* [Work instruction] Set down the data again exactly. Pictures are not part of the copy.

* [Records provided]
· · · ·

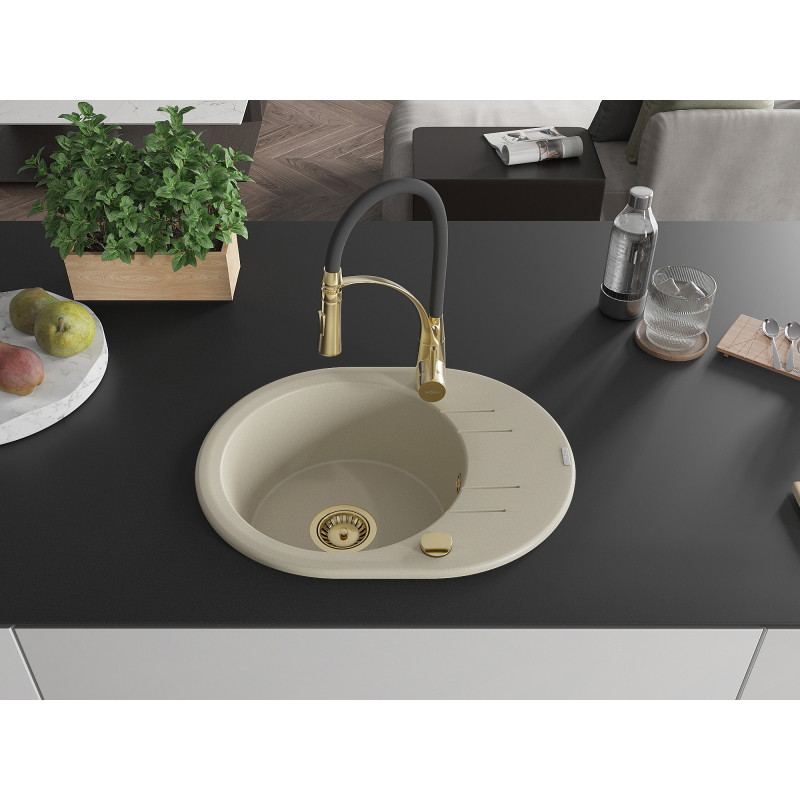 Mexen Kevin 1-bowl granite sink with drainer and Aster kitchen faucet, beige - 6517-69-73450-57-G
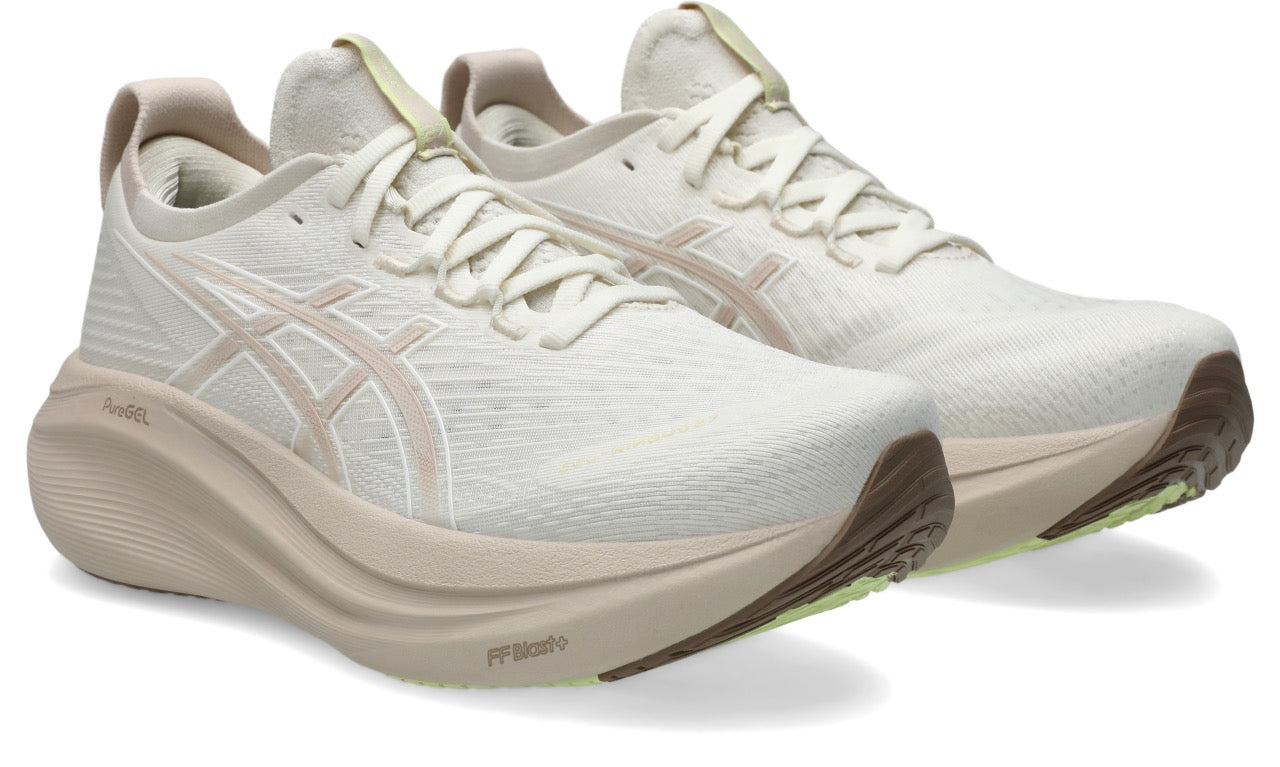 ASICS Women's Gel-Nimbus 27 Running Shoes - Lightweight Cushioning for Long-Distance (102 Cream/Mineral Beige) | Perfect for Marathon Training & Everyday Jogging
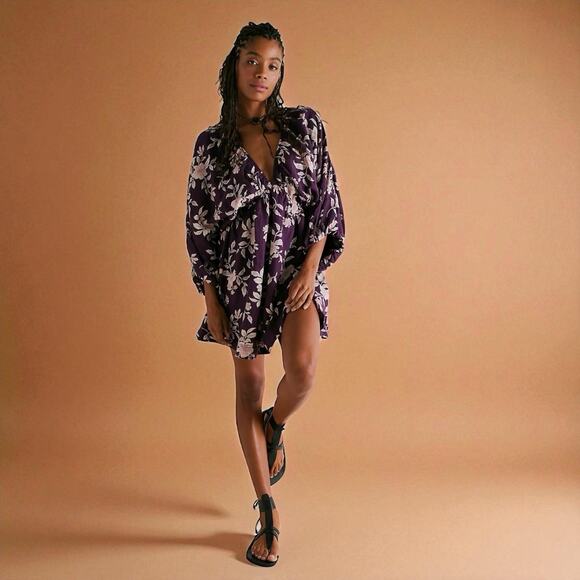 Free People Mini Dress Purple Floral Balloon Sleeve Deep V Neck Portia Large - Picture 1 of 8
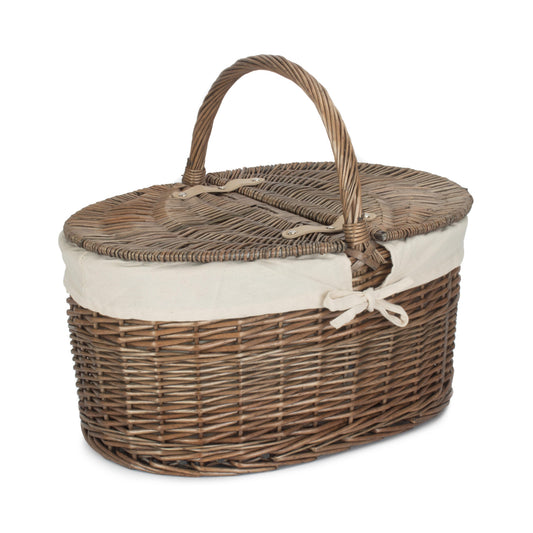 Deep Antique Wash Willow Oval Picnic Basket with White Lining
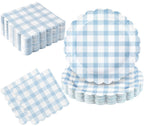 Oigco 50 Pcs Light Blue Plates & Napkins Set – Disposable Scalloped Dinnerware for Baby Showers, Weddings, Birthdays (Serves 25)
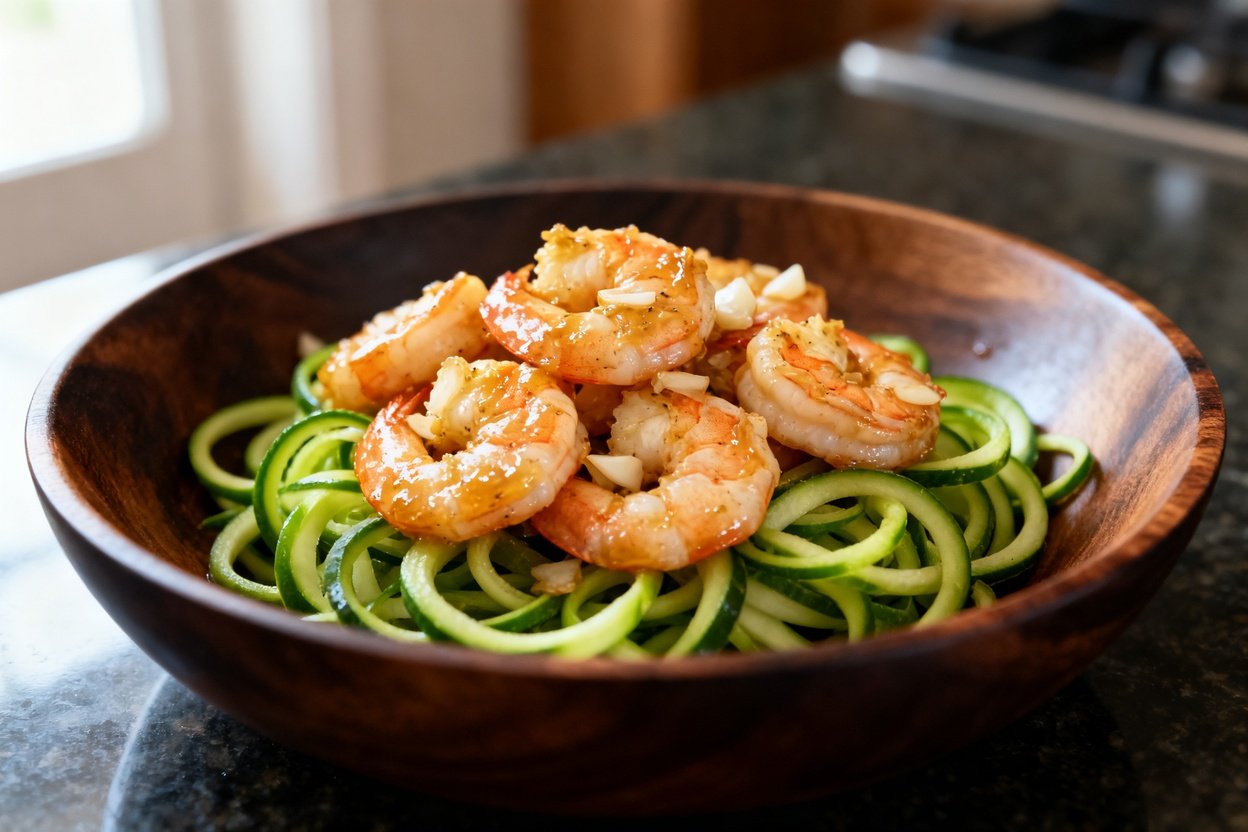 –40 degrees view of the garlic butter shrimp over spiralized zoodles, maintaining the identical visu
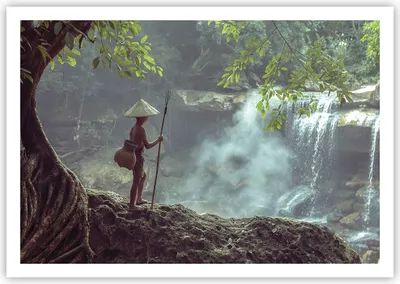 Produktbild von Poster - Poster ohne Rahmen - Asien Junge Wasserfall - 100x70 cm - Wand Bild - Wanddeko - Wandbilder - Kunstposter - Wandposter - Bilder - Kunstdruck - Wanddekoration - Wandbild - P2XAA100x70-4307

· · · ·

* [Written response]
 Mexen Kevin 1-bowl granite sink with drainer and Aster kitchen faucet, beige - 6517-69-73450-57-G
 ASICS Women's Gel-Nimbus 27 Running Shoes - Lightweight Cushioning for Long-Distance (102 Cream/Mineral Beige) | Perfect for Marathon Training & Everyday Jogging
 Free People Mini Dress Purple Floral Balloon Sleeve Deep V Neck Portia Large - Picture 1 of 8
 Deep Antique Wash Willow Oval Picnic Basket with White Lining
 Oigco 50 Pcs Light Blue Plates & Napkins Set – Disposable Scalloped Dinnerware for Baby Showers, Weddings, Birthdays (Serves 25)
 –40 degrees view of the garlic butter shrimp over spiralized zoodles, maintaining the identical visu
 Produktbild von Poster - Poster ohne Rahmen - Asien Junge Wasserfall - 100x70 cm - Wand Bild - Wanddeko - Wandbilder - Kunstposter - Wandposter - Bilder - Kunstdruck - Wanddekoration - Wandbild - P2XAA100x70-4307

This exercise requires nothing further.